## DATA EXCERPTS
━━━━━━━━━━━━━━━━━━━━
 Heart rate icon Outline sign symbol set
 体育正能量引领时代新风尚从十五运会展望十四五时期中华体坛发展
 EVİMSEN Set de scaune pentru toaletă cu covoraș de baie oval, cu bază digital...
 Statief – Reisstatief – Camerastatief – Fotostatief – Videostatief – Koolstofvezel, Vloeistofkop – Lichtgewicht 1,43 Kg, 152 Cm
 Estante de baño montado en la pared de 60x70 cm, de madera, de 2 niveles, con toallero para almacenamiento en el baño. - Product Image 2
━━━━━━━━━━━━━━━━━━━━
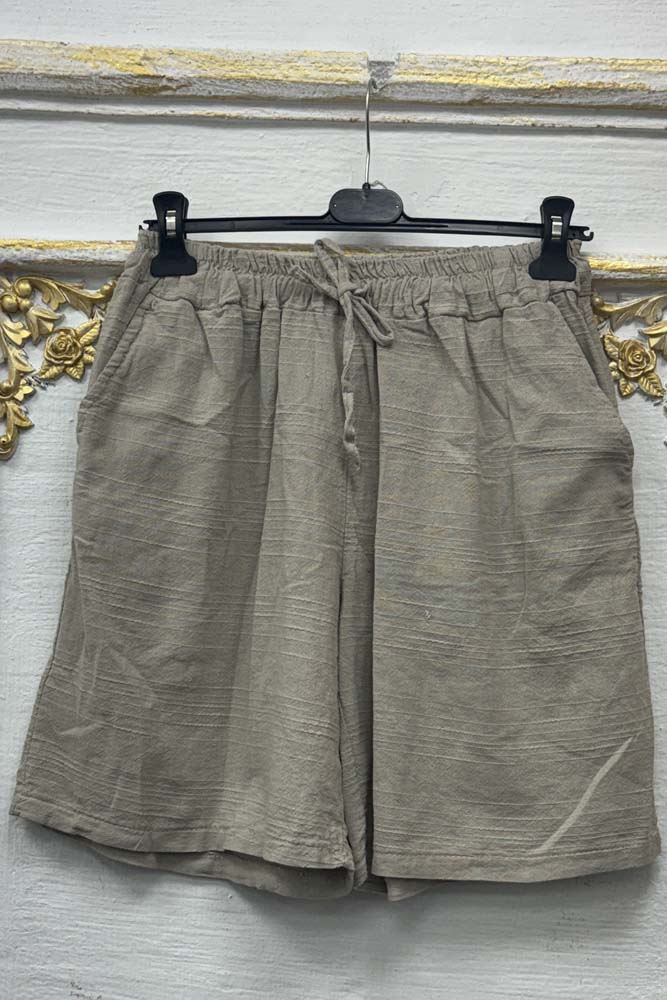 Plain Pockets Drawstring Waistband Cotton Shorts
━━━━━━━━━━━━━━━━━━━━
## WHAT NEEDS TO BE DONE
Return exactly, and only, the lines above starting at the line that contains "体育正能量引领时代新风尚从十五运会展望十四五时期中华体坛发展" and ending at the line that contains "Estante de baño".

## WRITTEN ANSWER
 体育正能量引领时代新风尚从十五运会展望十四五时期中华体坛发展
 EVİMSEN Set de scaune pentru toaletă cu covoraș de baie oval, cu bază digital...
 Statief – Reisstatief – Camerastatief – Fotostatief – Videostatief – Koolstofvezel, Vloeistofkop – Lichtgewicht 1,43 Kg, 152 Cm
 Estante de baño montado en la pared de 60x70 cm, de madera, de 2 niveles, con toallero para almacenamiento en el baño. - Product Image 2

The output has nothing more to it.